START Raw data

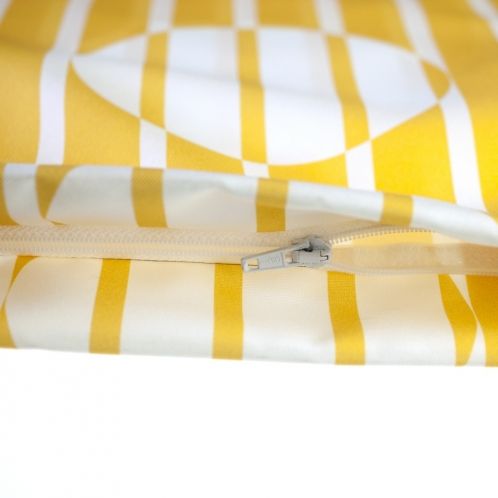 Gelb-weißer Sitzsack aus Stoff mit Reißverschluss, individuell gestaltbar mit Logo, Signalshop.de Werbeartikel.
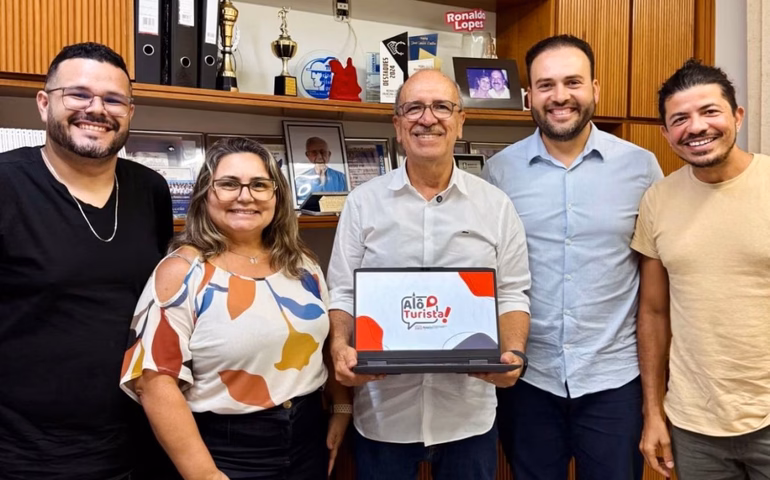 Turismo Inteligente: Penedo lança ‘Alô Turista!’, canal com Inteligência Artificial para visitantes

END Raw data
START Raw data

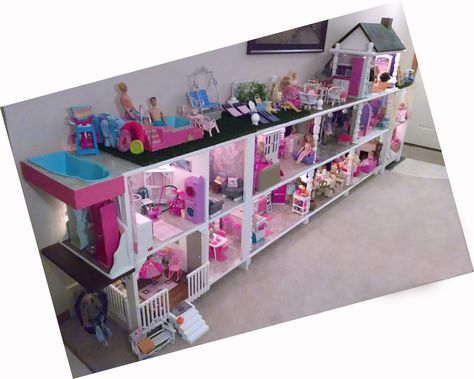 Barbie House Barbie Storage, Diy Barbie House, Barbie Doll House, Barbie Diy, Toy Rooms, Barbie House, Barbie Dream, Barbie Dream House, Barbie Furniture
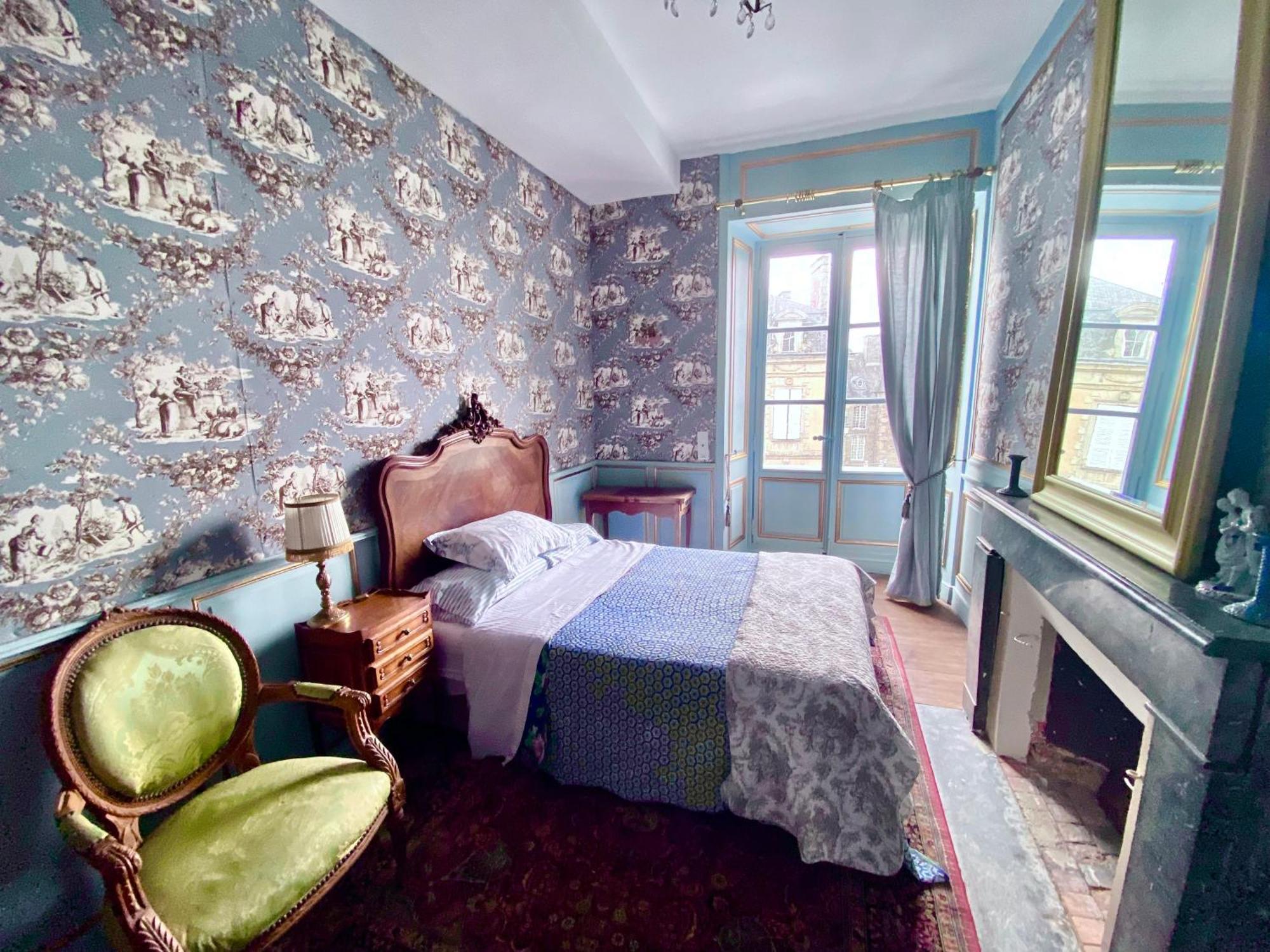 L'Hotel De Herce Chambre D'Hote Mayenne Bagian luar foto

END Raw data

Task to complete: Give again, exactly as written above, each line from the one that has "Barbie House Barbie" to the one that has "L'Hotel De Herce", both included; omit the pictures.

Exercise result:
 Barbie House Barbie Storage, Diy Barbie House, Barbie Doll House, Barbie Diy, Toy Rooms, Barbie House, Barbie Dream, Barbie Dream House, Barbie Furniture
 L'Hotel De Herce Chambre D'Hote Mayenne Bagian luar foto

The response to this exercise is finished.